En conclusion, malgré le fait qu'il existe encore quelques réserves sur l'efficacité des changements de statuts sur la Red List de l'IUCN, les scientifiques sont presque tous d'accord sur le fait qu'il vaut mieux conserver ce système tout en l'améliorant au fil des années et continuer les efforts de conservations. Grossièrement, nous pouvons dire qu'il vaut mieux essayer de sauver les espèces plutôt que de ne rien faire puisque bien que les baisses absolues et proportionnelles des indices de la Red List pour chaque groupe taxonomique aient été faibles, elles représentent des pertes de biodiversité considérables (Hoffmann et al., 2010). Par exemple, la perte des amphibiens toucherait 662 espèces, chacune déplaçant une catégorie de la Red List vers l'extinction au cours de la période d'évaluation.
La précision de la RedList est malgré tout remise en cause sur certains points. En effet, Meynell, 2005 entre autres énonce le fait que la détermination du statut de conservation uniquement basée sur des critères globaux peut être biaisée. Ces critères peuvent en effet ne pas prendre en compte un effet cumulatif des pressions observé sur le terrain comme c'est le cas pour Rhinopithecus avunculus, son exemple cité sous estimé selon eux par les critères de l'IUCN. Aussi, il est souvent avancé que les espèces classées comme non menacées sont alors négligeaient par le pays ou la région (ref).

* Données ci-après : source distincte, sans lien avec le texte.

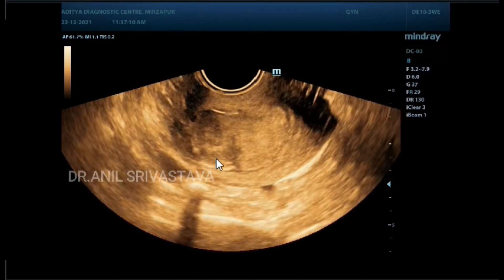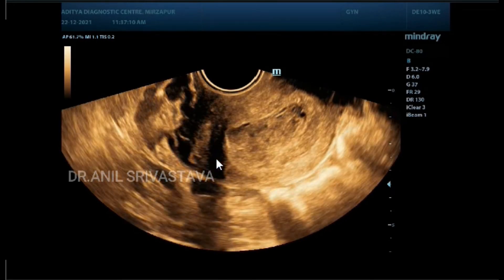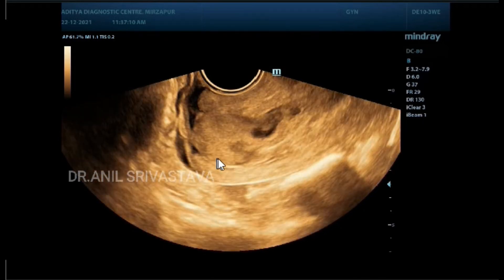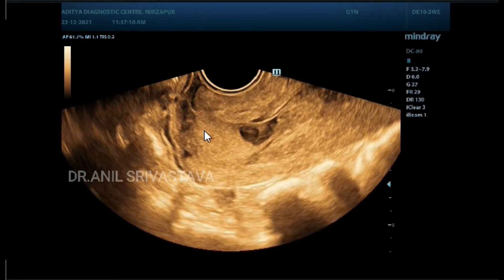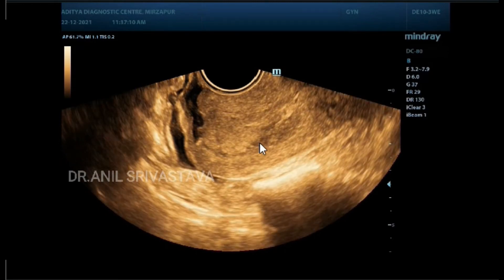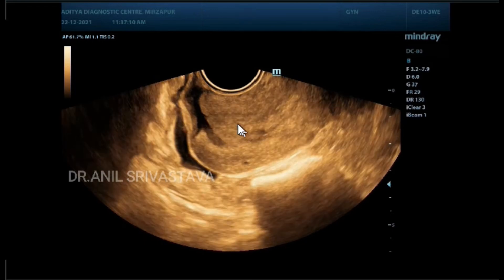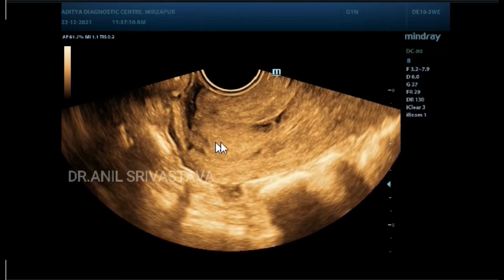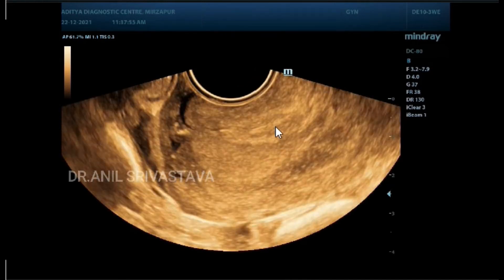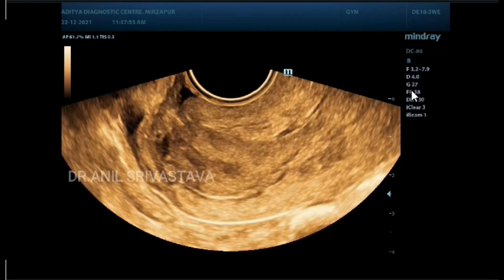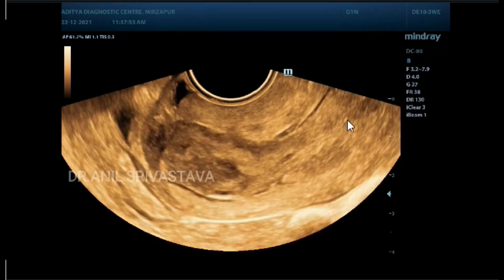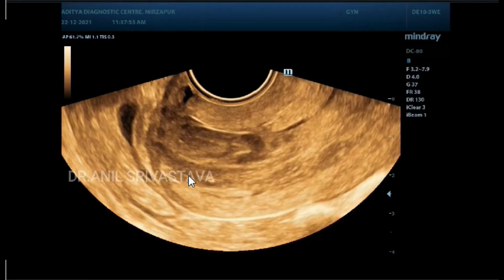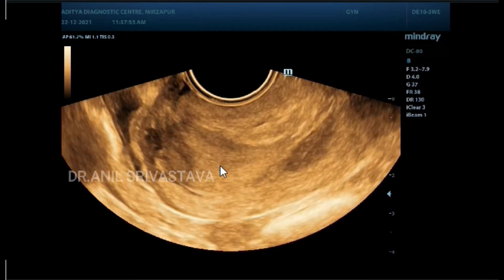This is the endocervical canal. This is the cervical lip, and this mass is coming out from the external os partly. You can see the mass coming from the endometrial cavity to the endocervical canal — this is the external os, this is the cervical lip — it is trying to come out.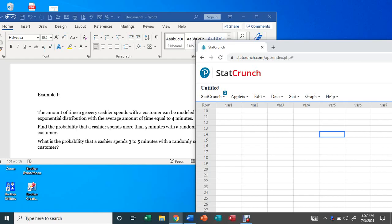Hi guys, this is your channel Stat and Math Tutorials. In this new video, I'm going to solve a couple of questions on exponential distribution and show you how to use StatCrunch to answer such questions. So let's start.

Aussi une étude de Cardoso et al., 2011 a démontré une sous estimation du statut Red List pour les invertébrés. En effet, les auteurs avancent que les critères (de A à E) ne sont pas adaptés pour évaluer les invertébrés. Dans cet article, les auteurs suggèrent une incorporation plus explicite des EOO (Extent of occurence) et AOO (Area of Occupancy).
Dans un avenir proche, il serait donc nécessaire d'étoffer encore plus les critères déjà pris en compte par l'IUCN et de renforcer les projets de conservations pour les espèces aux statuts menacés en mettant en place un vrai protocole et une marche à suivre lors d'un passage en statut menacé. Aussi, la redList comme spécifié dans l'introduction, a pour objectif de fournir des informations sur l'état des espèces pour informer et déclencher des actions de conservation de la biodiversité. Cependant, il n'existe encore aucune obligation de prendre en compte les statuts de la RedList il faudrait donc peut être mettre en place des lois autour de cette organisation obligeant les pays à prendre des dispositions pour protéger les espèces menacées.